New Delhi: It has been more than a year and a half since COVID-19 infection was first reported in the country and since then people have been complaining about different types of post-COVID diseases or problems. In the latest complication, doctors at Sir Ganga Ram Hospital have seen five patients who developed gallbladder gangrene after recovering from COVID-19. These five patients were successfully treated at the hospital between June and August.
Dr Anil Arora, Chairman of the Institute of Liver, Gastroenterology and Pancreaticobiliary Sciences at the hospital, said, “We successfully treated five such patients between June and August. After recovering from COVID-19, these patients presented with severe inflammation of gallbladder without gallstones resulting in gangrene of gallbladder requiring urgent surgery.”
He claimed it is the first time that cases of gallbladder gangrene have been reported after recovery from COVID-19 infection.
These five patients, four men and a woman, were aged between 37 and 75. Doctors added that all patients complained of fever, pain in the right upper quadrant of the abdomen and vomiting. Two of them had diabetes and one suffered from heart disease. Three patients had received steroids for the management of COVID-19 symptoms.
Gall bladder stone disease is a very common problem in North India (eight percent of the general population) and is responsible for 90 percent of cases of acute inflammation called cholecystitis. Only 10 percent of the patients have “acalculous cholecystitis” which is inflammation of the gallbladder without evidence of gallstones or cystic duct obstruction.
The median duration between COVID-19 symptoms and diagnosis of “acalculous cholecystitis” was two months. The diagnosis was confirmed through ultrasound and CT scan of the abdomen.
All these patients successfully underwent laparoscopic removal of necrotic perforated gall bladders, Dr Arora said.
He added that “acalculous cholecystitis” with the gangrenous gallbladder is a serious condition associated with high morbidity (up to 30 to 60 percent) and much higher mortality than “calculous cholecystitis”.

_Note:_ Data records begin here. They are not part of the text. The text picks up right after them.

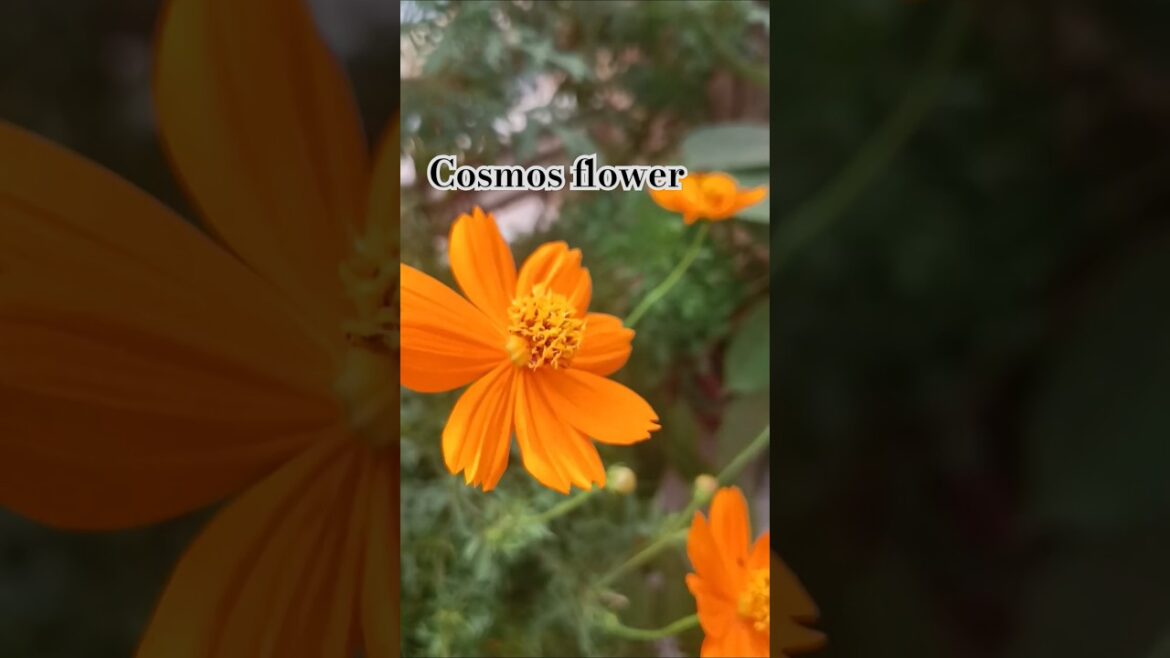 Cosmos flower tips #flowers#trending#YouTube shorts#tarrece garden#garden design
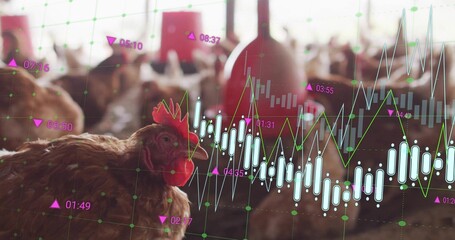Showing brown hen pecking left in poultry barn, with red feeders, flock, data overlays, copy space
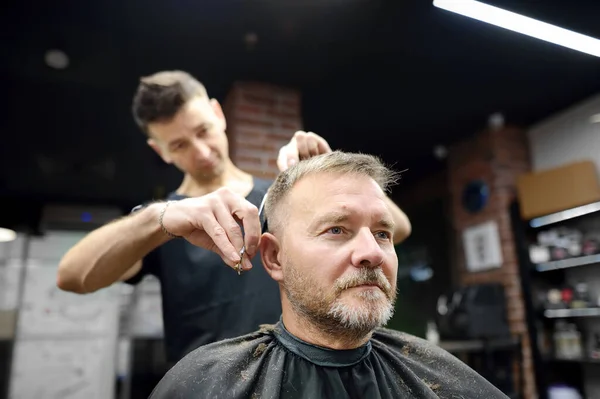 Hairdresser is cutting hair of handsome bearded mature man in salon. Stylist making hairstyle for client in barbershop. Services of a professional stylist. Fashion haircut for men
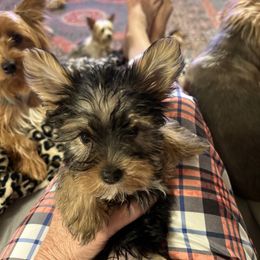 Girl 2 - Black and tan female Yorkshire Terrier puppy in Scranton, Arkansas from Trennas Rotten Yorkies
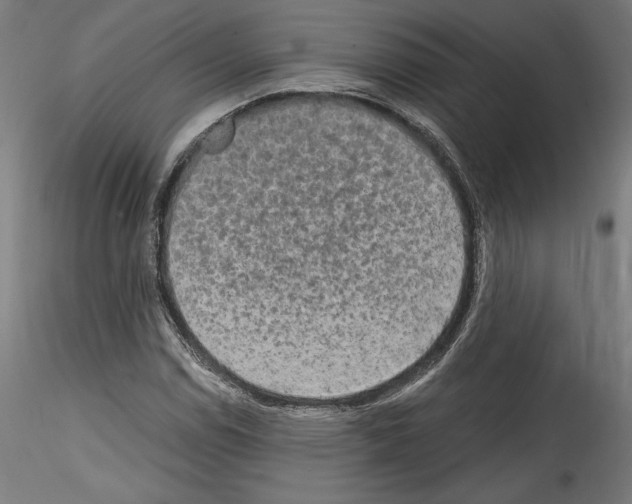 X0000114411114200911271519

It is usually seen in patients suffering diabetes, HIV infection, vascular disease, total parenteral nutrition, those on prolonged fasting, in intensive care units and those with underlying history of trauma, burns and sepsis.
“Gallbladder epithelial cells are very similar to bile duct cells, as they richly express receptors (ACE2), and could be a target for SARS-CoV-2 or body’s dysregulated immunological response against the virus resulting in severe inflammation of the gallbladder,” the doctor said.
A few case reports of similar illnesses have been described in the literature in its association with COVID-19 infection, he added.
According to Dr. Praveen Sharma, Senior Consultant, Gastroenterology Department, “A timely diagnosis and early intervention with broad-spectrum antibiotics may prevent the development of onerous complication of gangrene and perforation of the gallbladder.”